The International Mathematical Olympiad is not just a terrifying sequence of words for someone as maths-blind as myself, but also a notoriously challenging world championship mathematics competition for high school students from over 100 different countries. Each year students compete to show off their mathematical prowess in a chosen host country, each aiming to solve problems that would make the rest of us cower in fear.
Google DeepMind has announced that two of its AI systems, AlphaProof and AlphaGeometry 2, took on this year’s contest questions as a combined system. The AI had its solutions scored by previous gold-medalist winners Professor Sir Timothy Gowers and Dr Joseph Myers, the latter of which is Chair of the IMO 2024 Problem Selection Committee itself.
Not only did the AI chalk up a combined score of 28 out of 42, one point off the 29 required for a gold medal, but also achieved a perfect score on the competition’s hardest problem (via Ars Technica). Just as well really, as two combinatorics problems remained unsolved. Still, stick to what you’re good at, ey?
There’s a slight fly in the ointment, however. In a Twitter thread, Prof Sir Timothy Gowers points out that while the AI did indeed score higher than most, it needed a lot longer than human competitors to do so. Human candidates submit their answers in two four-and-a-half-hour sessions—and while one problem was solved by the AI within minutes, it took up to three days to solve the others.
“If the human competitors had been allowed that sort of time per problem they would undoubtedly have scored higher,” wrote Sir Gowers.
“Nevertheless, (i) this is well beyond what automatic theorem provers could do before, and (ii) these times are likely to come down as efficiency gains are made.”

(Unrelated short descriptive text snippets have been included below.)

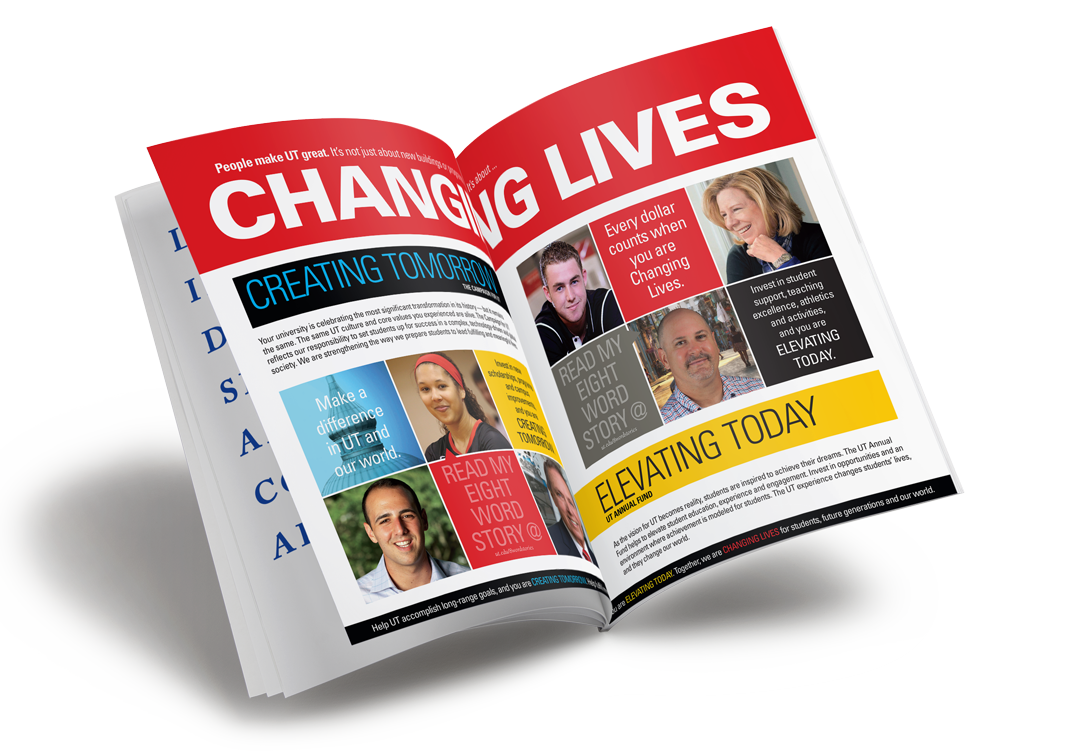 UT Journal Changing Lives campaign spread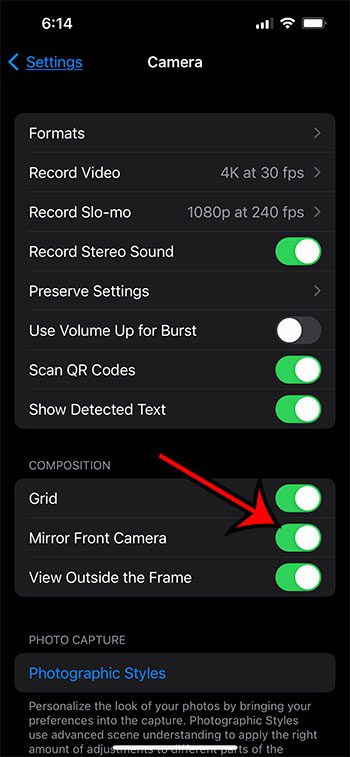 How to turn off the face camera on iPhone 13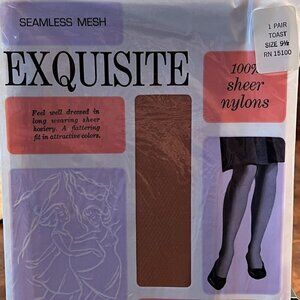 Vintage Exquisite Micro mesh Seamless Nylon Hose Toast Brown NOS Size 9.5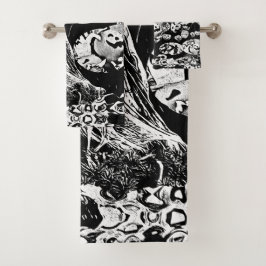 My Super Halloween black and white Bad Handdoek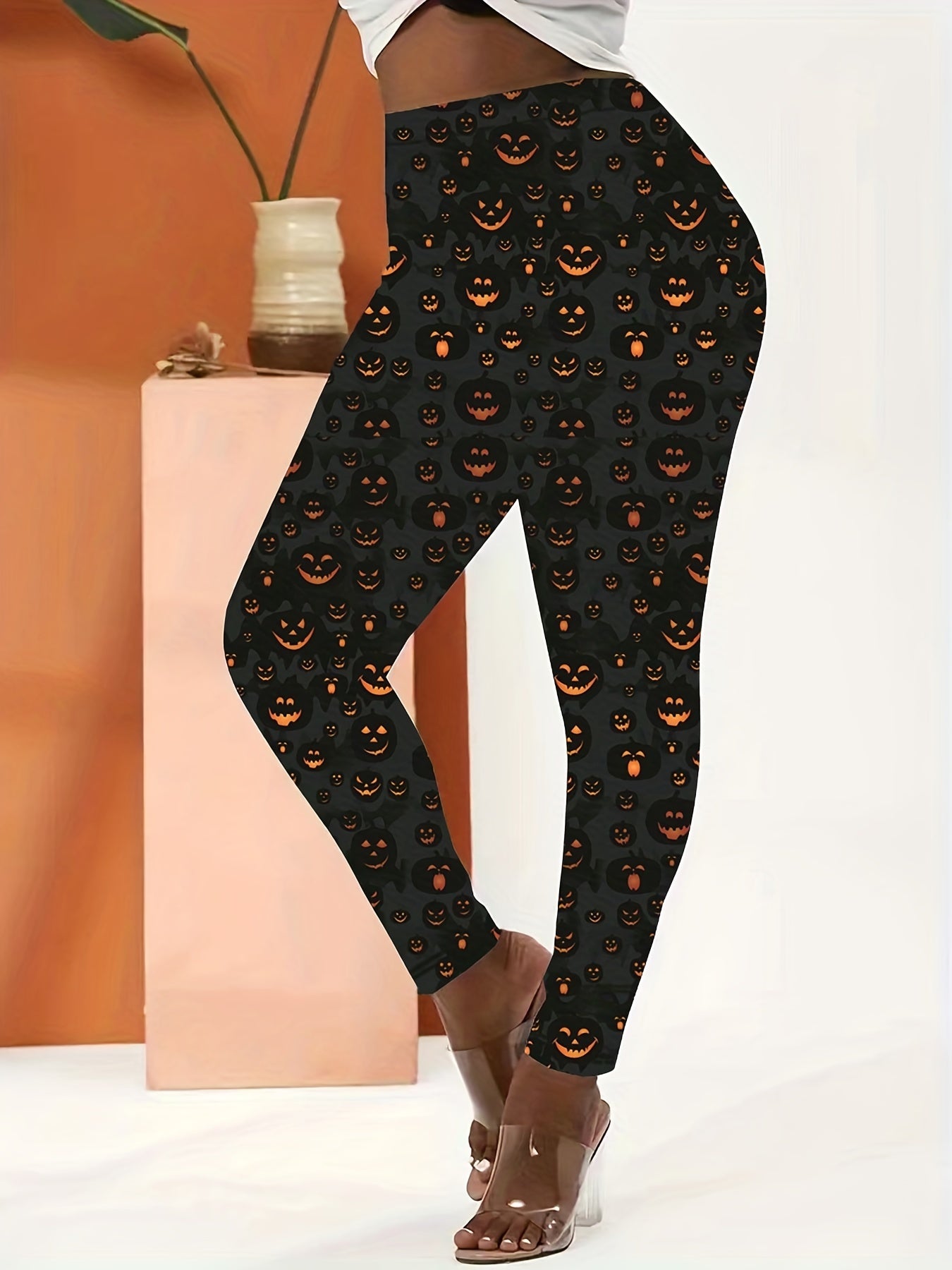  Halloween Leggings Pumpkin Print Casual Leggings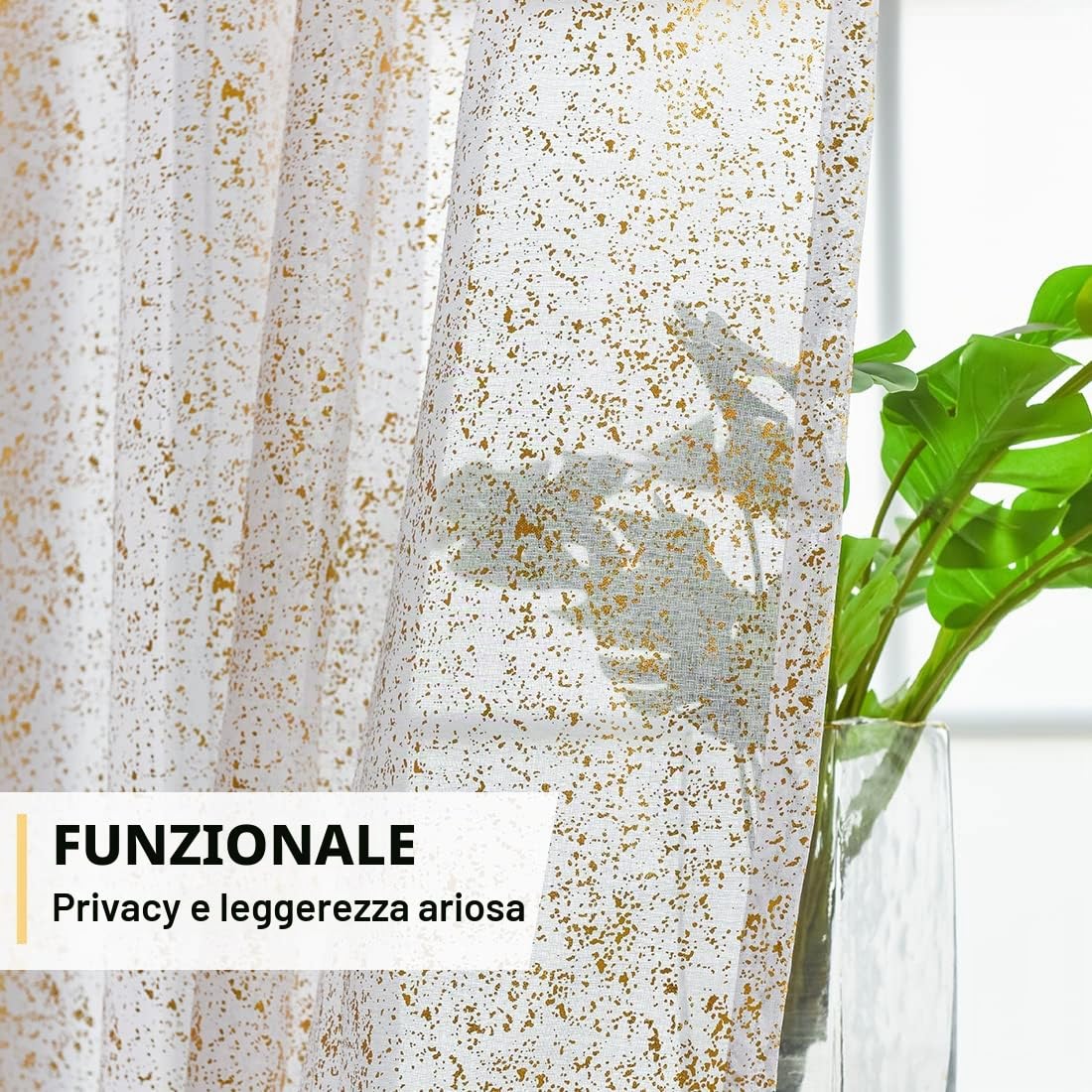 TERLYTEX Tende trasparenti bianche e dorate, lunghe 240 cm, con stampa a pois in lamina d'oro metallizzata, per soggiorno, con occhielli per la privacy, set di 2 pannelli, 133 x 240 cm, bianco oro
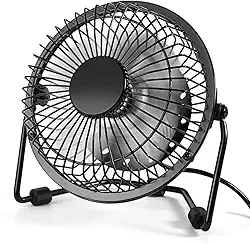 Mini Ventilador De Mesa USB Portátil E Silencioso Compacto Em Metal Rotação 360° Ideal Para Escritório E Viagens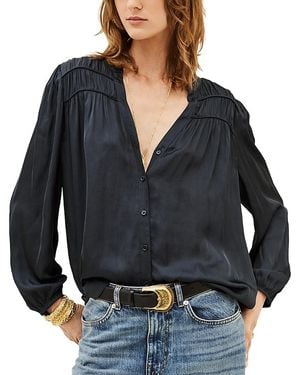 Ba&sh Cessia Gathered Button Front Shirt - Black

Google DeepMind have produced a program that in a certain sense has achieved a silver-medal peformance at this year’s International Mathematical Olympiad. 🧵https://t.co/DIcsYXUv97July 25, 2024
Not only that, but it’s not like the AI sat down in front of a test paper and began chewing on its pencil. The problems were manually translated into Lean, a proof assistant and programming language, so the autoformalization of the questions was carried out by old-fashioned humans.
Still, as the good Professor points out, what the AI has achieved here is a lot more involved and nuanced than simply brute forcing the problems:
“We might be close to having a program that would enable mathematicians to get answers to a wide range of questions, provided those questions weren’t *too* difficult—the kind of thing one can do in a couple of hours.”
“Are we close to the point where mathematicians are redundant? It’s hard to say. I would guess that we’re still a breakthrough or two short of that.”